Perubahan Pendidikan Perempuan
Pendidikan perempuan memang telah meningkat, tetapi belum sepenuhnya mendorong percepatan emansipasi perempuan. Karena itu, kurikulum pendidikan pada berbagai tingkatan harus diubah agar tidak bias jender.
Saat usia Kartini menginjak 12 tahun, tahun 1881, dan telah menyelesaikan ELS (Europeesche Lagere School, Sekolah Dasar Belanda), dia memohon kepada ayahnya, waktu itu Bupati Jepara, agar diizinkan pergi ke Semarang untuk meneruskan sekolah. ”Ia berlutut di hadapan Ayahnya… ia menanti jawaban Ayahnya… dan perlahan-lahan tetapi pasti keluar dari mulutnya: ’tidak!’ (Lihat, Kartini, Surat-Surat kepada Ny R.M. Abendanon-Mandri dan Suaminya, Penerbit Djambatan, Jakarta, 1987, halaman 14).

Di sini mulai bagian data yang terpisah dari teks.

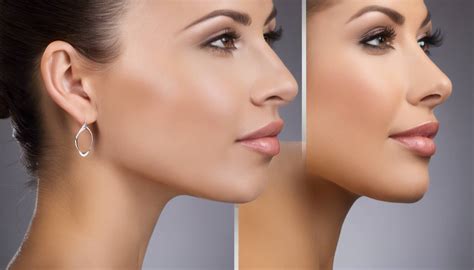 What does chin augmentation do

Pupuslah keinginan Kartini untuk melanjutkan sekolah. ”Ia merasa masih kanak-kanak sekali dan ia memang masih anak juga, tetapi adat menggolongkannya tanpa ampun sebagai orang dewasa… Dia yang tidak pernah berjalan, tetapi selalu melonjak-lonjak seperti anak kuda lincah di padang rumput; sekarang harus tenang… Permata bagi gadis Jawa ialah diam, tak bergerak, seperti boneka kayu” (halaman 15-16).